Mr. Brackett: What age do you commence the grafting?

Mr. Philips: I like to commence at two years old. I like to set a Virginia crab and let it grow one year and then commence top-working, and top-work about half the first year and the balance the second.

Mr. Brackett: Is that in the nursery row?

Mr. Philips: No, where I am going to have it grow. I have found the Virginia—and the Hibernal, too, either of them, very vigorous trees. The Virginia is very vigorous. You dig up a Virginia tree, and you find a great mass of roots; it has strength, and it grows fast. I have top-worked about forty varieties on the Virginia and some on Hibernal. Mr. Cady was there and looked it over, Prof. Green was there and Mr. Kellogg has been there a number of times—and I always ask them this question: If they found any trees where the top had outgrown the stock? I have never seen an instance where the top of the tree put onto a Virginia crab outgrew the Virginia. I have some in my garden now where the union is so perfect it takes a man with good eyesight to see where it is.

A. J. Philips, West Salem, Wis. Photo taken in his eighty-second year.

Mr. Brackett: If you had Virginia trees twelve years old would you top-work them?

Mr. Philips: Yes, sir, out towards the end of the limbs.

Mr. Brackett: Suppose the limbs were too big on the stock you are going to top-work, how would you do then?

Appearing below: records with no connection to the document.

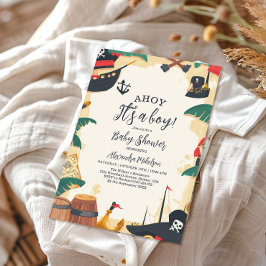 Nautical Pirate Ship Ahoy Es ist eine Baby-Dusche Einladung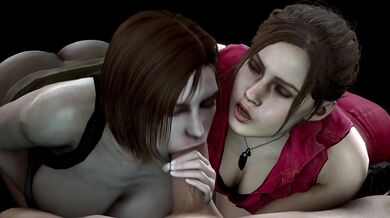Claire and Jill Tongue Fucking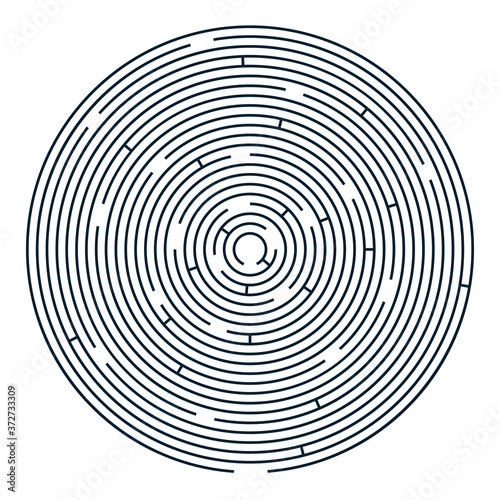 Radial labyrinth maze vector design, children game to play, find way out.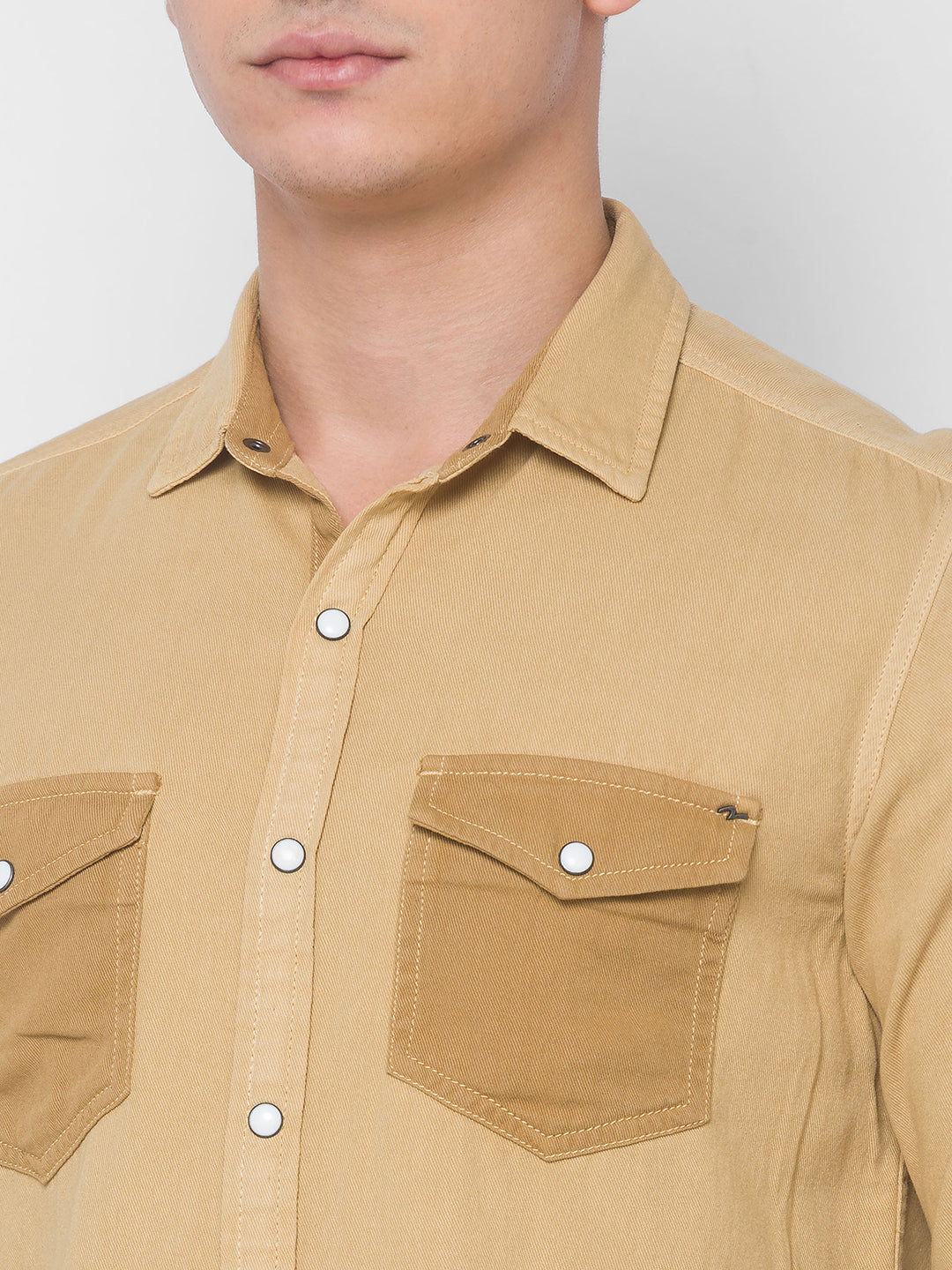 Spykar Men Khaki Cotton Shirts (Slim)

Mr. Philips: I practice cutting off those larger limbs and letting young shoots grow. Mr. Dartt did a good deal of top-working, and he top-worked large limbs. I told him he was making an old fool of himself, but he wouldn't believe it. He would cut off limbs as large as three inches and put in four scions and at the end of two years they had only grown eight inches each. I have put in one scion in a Virginia limb that was about 3/4-inch in diameter, and had it that season grow eight feet and one inch. That is the best growth I ever had.